The Bay Patent does not disclose each and every limitation. The independent claims of the claimed invention require the variable angle hand rest post to provide "a hole for affixing a hand rest peg." The Examiner relies on Bay to teach said hole, i.e., hole 34. The independent claims herewith provided require that this hole be functional for affixing a hand rest peg. The hole disclosed by Bay can only function to receive bolt 46. It is not shown or asserted how this hole could receive the claimed hand rest peg and still function, either as the thumb rest set forth by Bay or the claimed hand rest post. One of ordinary skill in the art would not devise a hand rest peg for insertion into the hole disclosed by Bay as the invention of Bay could not function as a thumb rest if such a hand rest peg were inserted into said hole.

Locking or Fixing Angulation and Axes of the Invention

Furthermore Bay does not disclose that the thumb plate is then set in a fixed position for playing. Although not stated, it is inferred from Bay that the "limited axial and rotational adjustment" remains active during the playing of the instrument. In contrast, the rotational movements of the claimed invention are locked once the musician is ready to perform. Such locking is performed along both of the two rotational axes. This unique feature is, in fact, necessary for the use of the claimed invention with the bassoon or contrabassoon. Not only does the claimed invention lock post 5 (FIG. 5) but it also secures hand rest peg 2. The Bay thumb rest, even as possibly modified by Larsen, could not accommodate this feature of locking the moving parts.

It is not clear from the rejection how Larsen clarifies the matter. The finger guard in Larsen features a long rod with ends that fit into posts. These posts feature no mechanism which allows for movement within the post or a method to lock in place moveable components. The invention by Larsen does not appear to feature any rotational axis at all, but rather is a stationary rod that is affixed on two ends by sliding the ends of the rods into the posts.

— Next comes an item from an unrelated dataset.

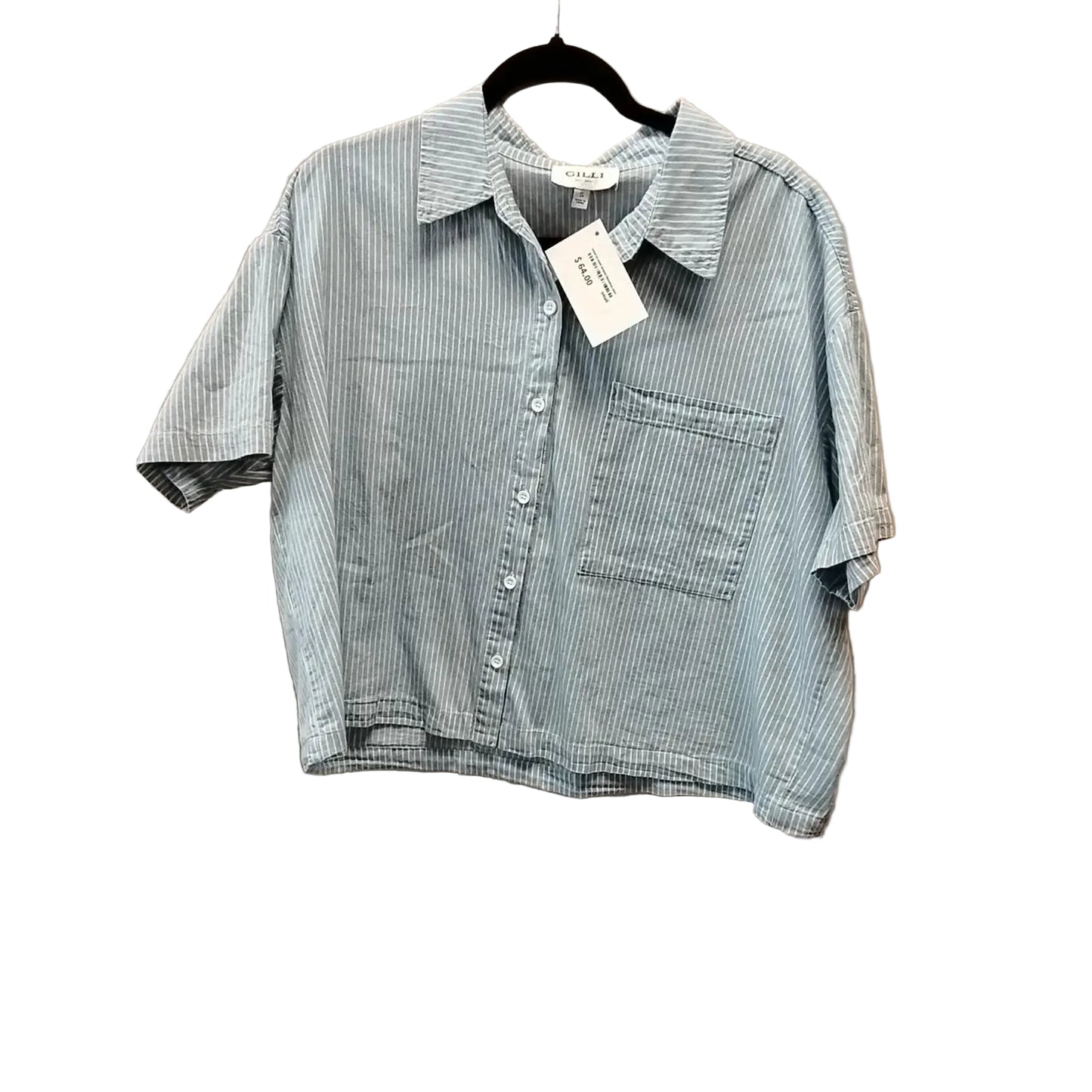 Blue and white striped shirt on a hanger against a beige background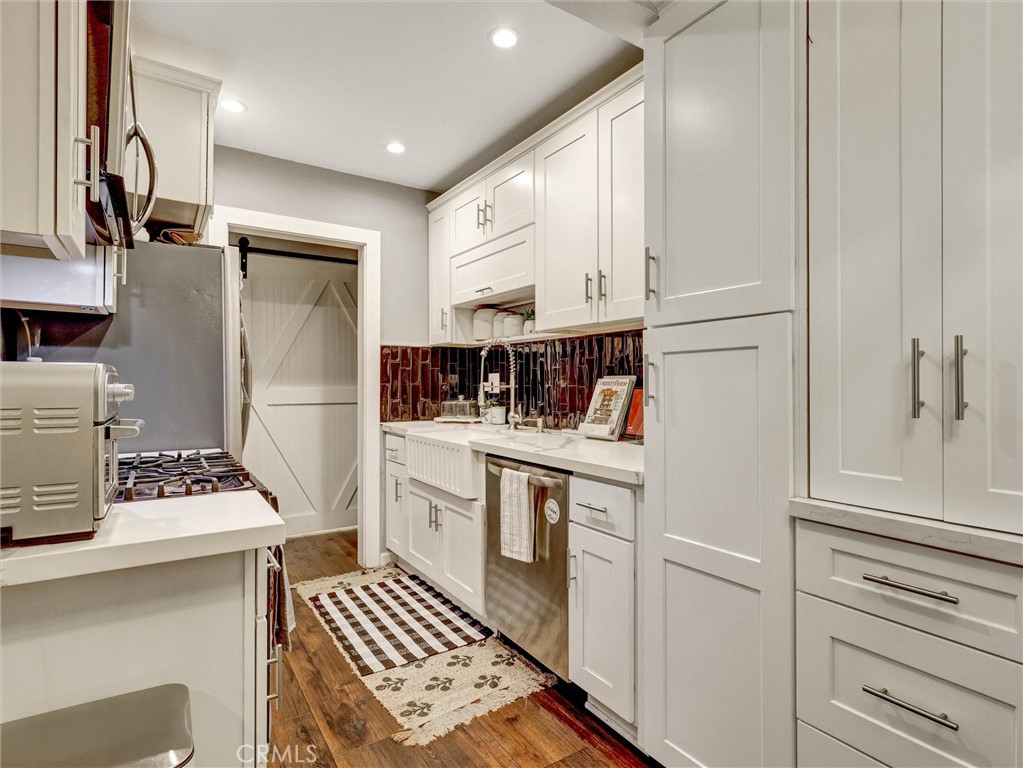 1200 West Lambert Road, Unit 44 La Habra, CA 90631 - Photo 16 of 33 a kitchen with white cabinets and white appliances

Conclusion: No Motivation to Combine Bay with Larsen

We again respectfully disagree with the statement "it would have been obvious to one of ordinary skill in the art at the time the invention was made to modify the rest post disclosed by Bay with an upper end of the adjustable post having a hole and a lower end affixing an anchor post as taught by Larsen." Larsen presents a fingering guide that does not support the clarinet. It is clear to a practicing musician that a thumb rest or other device must be used to support the instrument when performing. That being the case, it is clear that Larsen did not consider the fingering guide a modification of the traditional, prior art, thumb rest or seek in any way to combine the two inventions. The combination of the Bay and Larson inventions by one of ordinary skill in the art could not result in the claimed invention here due to the complexity and unique combination of features and requirement of the claimed invention.

The burden is on the Examiner to provide some suggestion of the desirability of doing what the inventor has done. "To support the conclusion that the claimed invention is directed to obvious subject matter, either the references must expressly or impliedly suggest the claimed invention or the examiner must present a convincing line of reasoning as to why the artisan would have found the claimed invention to have been obvious in light of the teachings of the references." Exparte Clapp, 227 USPQ 972,973 (Bd. Pat. App. & Inter. 1985).

Neither Bay nor Larson disclose the required elements of the claimed invention, specifically a bassoon or contrabassoon. Second, only those disclosures teaching a hand rest for a bassoon would instruct those of ordinary skill on the functioning of said hand rest. The mere fact that references be combined or modified does not render the resultant combination obvious unless the prior art also suggests the desirability of the combination. In re Mills, 9 16 F.2d 680,16 USPQ2d 1430 (Fed. Cir. 1990).